Build rank-and-file committees in every workplace
Against this backdrop, Lehman’s struggle is of immense significance. In the 2022 UAW elections, he ran openly as a socialist, calling for the abolition of the union bureaucracy and the transfer of power and decision-making to rank-and-file workers. His campaign won broad support, winning nearly 5,000 votes, despite the efforts of the bureaucracy to keep workers in the dark.
“The implications of my lawsuit extend far beyond the UAW elections,” Lehman said, commenting on the latest developments in the case. “They expose the reality that the union, backed by both political parties and the state, is hostile to democratic rights and interests of rank-and-file workers and retirees.

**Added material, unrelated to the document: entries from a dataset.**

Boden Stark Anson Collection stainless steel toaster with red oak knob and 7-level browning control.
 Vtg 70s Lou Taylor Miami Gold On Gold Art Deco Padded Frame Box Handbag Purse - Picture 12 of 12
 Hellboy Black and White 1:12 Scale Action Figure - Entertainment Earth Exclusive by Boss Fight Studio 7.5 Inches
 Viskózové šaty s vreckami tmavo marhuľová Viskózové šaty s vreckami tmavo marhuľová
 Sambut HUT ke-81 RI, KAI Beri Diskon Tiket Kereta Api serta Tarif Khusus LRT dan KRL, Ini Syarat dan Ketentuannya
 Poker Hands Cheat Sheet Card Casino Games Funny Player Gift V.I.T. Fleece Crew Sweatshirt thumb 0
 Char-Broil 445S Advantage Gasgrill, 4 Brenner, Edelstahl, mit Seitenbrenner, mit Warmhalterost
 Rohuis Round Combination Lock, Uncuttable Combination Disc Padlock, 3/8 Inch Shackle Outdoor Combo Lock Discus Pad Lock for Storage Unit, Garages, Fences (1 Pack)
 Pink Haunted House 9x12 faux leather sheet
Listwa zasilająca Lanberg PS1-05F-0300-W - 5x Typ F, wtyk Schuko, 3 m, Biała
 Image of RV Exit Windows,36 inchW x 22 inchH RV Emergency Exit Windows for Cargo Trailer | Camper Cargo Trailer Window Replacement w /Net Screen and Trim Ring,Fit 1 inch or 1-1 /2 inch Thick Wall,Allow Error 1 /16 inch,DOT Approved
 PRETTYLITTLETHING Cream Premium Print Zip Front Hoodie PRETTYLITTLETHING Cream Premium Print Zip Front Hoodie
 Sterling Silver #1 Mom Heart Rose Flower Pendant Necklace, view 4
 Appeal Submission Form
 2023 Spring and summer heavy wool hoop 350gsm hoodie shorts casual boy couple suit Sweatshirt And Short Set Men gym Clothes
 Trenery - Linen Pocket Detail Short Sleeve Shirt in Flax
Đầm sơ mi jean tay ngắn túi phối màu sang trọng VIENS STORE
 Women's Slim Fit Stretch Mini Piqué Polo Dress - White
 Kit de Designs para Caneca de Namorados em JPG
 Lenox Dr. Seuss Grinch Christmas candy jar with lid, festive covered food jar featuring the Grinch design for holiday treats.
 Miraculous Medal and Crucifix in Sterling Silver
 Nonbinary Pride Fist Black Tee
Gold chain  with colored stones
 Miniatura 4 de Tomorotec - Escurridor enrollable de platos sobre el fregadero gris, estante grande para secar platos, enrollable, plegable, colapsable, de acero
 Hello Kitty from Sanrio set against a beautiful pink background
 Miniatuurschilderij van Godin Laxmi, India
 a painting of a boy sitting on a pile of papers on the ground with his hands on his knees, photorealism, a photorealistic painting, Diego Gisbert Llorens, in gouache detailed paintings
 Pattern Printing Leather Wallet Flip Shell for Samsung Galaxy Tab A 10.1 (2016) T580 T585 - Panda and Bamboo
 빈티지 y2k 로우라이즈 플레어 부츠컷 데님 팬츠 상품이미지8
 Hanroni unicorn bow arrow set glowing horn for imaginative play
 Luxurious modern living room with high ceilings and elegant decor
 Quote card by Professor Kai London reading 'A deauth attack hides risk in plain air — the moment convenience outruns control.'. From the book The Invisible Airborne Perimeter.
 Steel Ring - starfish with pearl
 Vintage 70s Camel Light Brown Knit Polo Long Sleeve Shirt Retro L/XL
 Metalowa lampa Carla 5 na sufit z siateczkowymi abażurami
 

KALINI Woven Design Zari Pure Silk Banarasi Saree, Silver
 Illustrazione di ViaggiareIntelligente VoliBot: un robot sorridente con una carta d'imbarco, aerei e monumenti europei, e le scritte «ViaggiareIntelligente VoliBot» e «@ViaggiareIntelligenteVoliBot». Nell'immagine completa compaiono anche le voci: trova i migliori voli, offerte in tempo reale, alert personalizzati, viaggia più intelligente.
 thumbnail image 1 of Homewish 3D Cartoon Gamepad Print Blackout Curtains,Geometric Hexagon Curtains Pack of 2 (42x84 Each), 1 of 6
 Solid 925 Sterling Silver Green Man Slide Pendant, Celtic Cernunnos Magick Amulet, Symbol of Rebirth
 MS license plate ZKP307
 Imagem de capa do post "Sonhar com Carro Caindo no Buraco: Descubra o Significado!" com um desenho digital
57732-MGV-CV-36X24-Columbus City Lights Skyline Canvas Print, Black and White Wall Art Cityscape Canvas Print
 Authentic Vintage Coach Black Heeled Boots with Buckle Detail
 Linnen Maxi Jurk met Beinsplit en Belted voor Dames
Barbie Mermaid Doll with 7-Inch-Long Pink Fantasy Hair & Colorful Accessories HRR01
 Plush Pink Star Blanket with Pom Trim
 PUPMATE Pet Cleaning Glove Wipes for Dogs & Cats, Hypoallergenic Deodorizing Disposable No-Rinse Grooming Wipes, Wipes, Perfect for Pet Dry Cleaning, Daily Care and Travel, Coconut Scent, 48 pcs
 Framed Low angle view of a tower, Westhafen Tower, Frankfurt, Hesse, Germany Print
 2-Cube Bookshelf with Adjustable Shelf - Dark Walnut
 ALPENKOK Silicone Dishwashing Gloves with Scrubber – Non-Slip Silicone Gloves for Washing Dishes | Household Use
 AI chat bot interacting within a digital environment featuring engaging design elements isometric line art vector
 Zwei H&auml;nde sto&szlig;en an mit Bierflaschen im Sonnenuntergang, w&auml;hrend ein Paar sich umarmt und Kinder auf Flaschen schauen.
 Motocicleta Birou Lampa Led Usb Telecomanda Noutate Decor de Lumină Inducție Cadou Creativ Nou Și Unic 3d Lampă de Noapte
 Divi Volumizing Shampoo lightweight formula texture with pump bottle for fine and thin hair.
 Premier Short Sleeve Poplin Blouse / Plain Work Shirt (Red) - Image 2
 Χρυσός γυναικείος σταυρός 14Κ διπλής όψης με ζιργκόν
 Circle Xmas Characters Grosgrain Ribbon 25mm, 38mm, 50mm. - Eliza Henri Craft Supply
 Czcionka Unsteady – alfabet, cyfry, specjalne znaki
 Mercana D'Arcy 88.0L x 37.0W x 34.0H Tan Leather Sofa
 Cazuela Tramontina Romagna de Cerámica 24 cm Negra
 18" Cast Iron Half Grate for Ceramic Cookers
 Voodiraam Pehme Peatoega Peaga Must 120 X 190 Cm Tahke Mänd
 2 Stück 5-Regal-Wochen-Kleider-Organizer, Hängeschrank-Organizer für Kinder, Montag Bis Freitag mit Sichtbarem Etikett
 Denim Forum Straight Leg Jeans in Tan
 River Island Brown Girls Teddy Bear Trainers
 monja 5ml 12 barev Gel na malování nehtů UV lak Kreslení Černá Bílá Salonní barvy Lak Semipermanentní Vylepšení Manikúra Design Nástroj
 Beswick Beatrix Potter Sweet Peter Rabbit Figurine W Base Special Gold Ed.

“Throughout the 2022 elections and afterwards, my campaign stood for the interests of rank-and-file workers and retirees, and we challenged every violation of our rights. We followed all of the correct legal procedures, and in June of last year, we won a historic ruling against the Biden administration’s Secretary of Labor. But after three years, under Biden and under Trump, the government is still stubbornly refusing to follow the law and address the voter suppression that my campaign exposed. It is impossible for any fair-minded worker who has followed the progress of my complaints through the legal system not to conclude that the system is totally broken.”
“We need an entirely new framework to defend our interests, which is what the International Workers Alliance of Rank-and-File Committees is fighting for. Workers must take matters into their own hands and build rank-and-file committees in every factory and workplace, independent of the union apparatus, to fight for our rights and link struggles across industries and borders.
“Workers need both fighting organizations and a new political perspective. The massive levels of inequality and concentration of wealth in the US are totally incompatible with democracy, whether in the UAW, in the workplace, or anywhere else. We need a political program and movement based on the interests of the international working class to stop the descent into dictatorship and world war under capitalism.”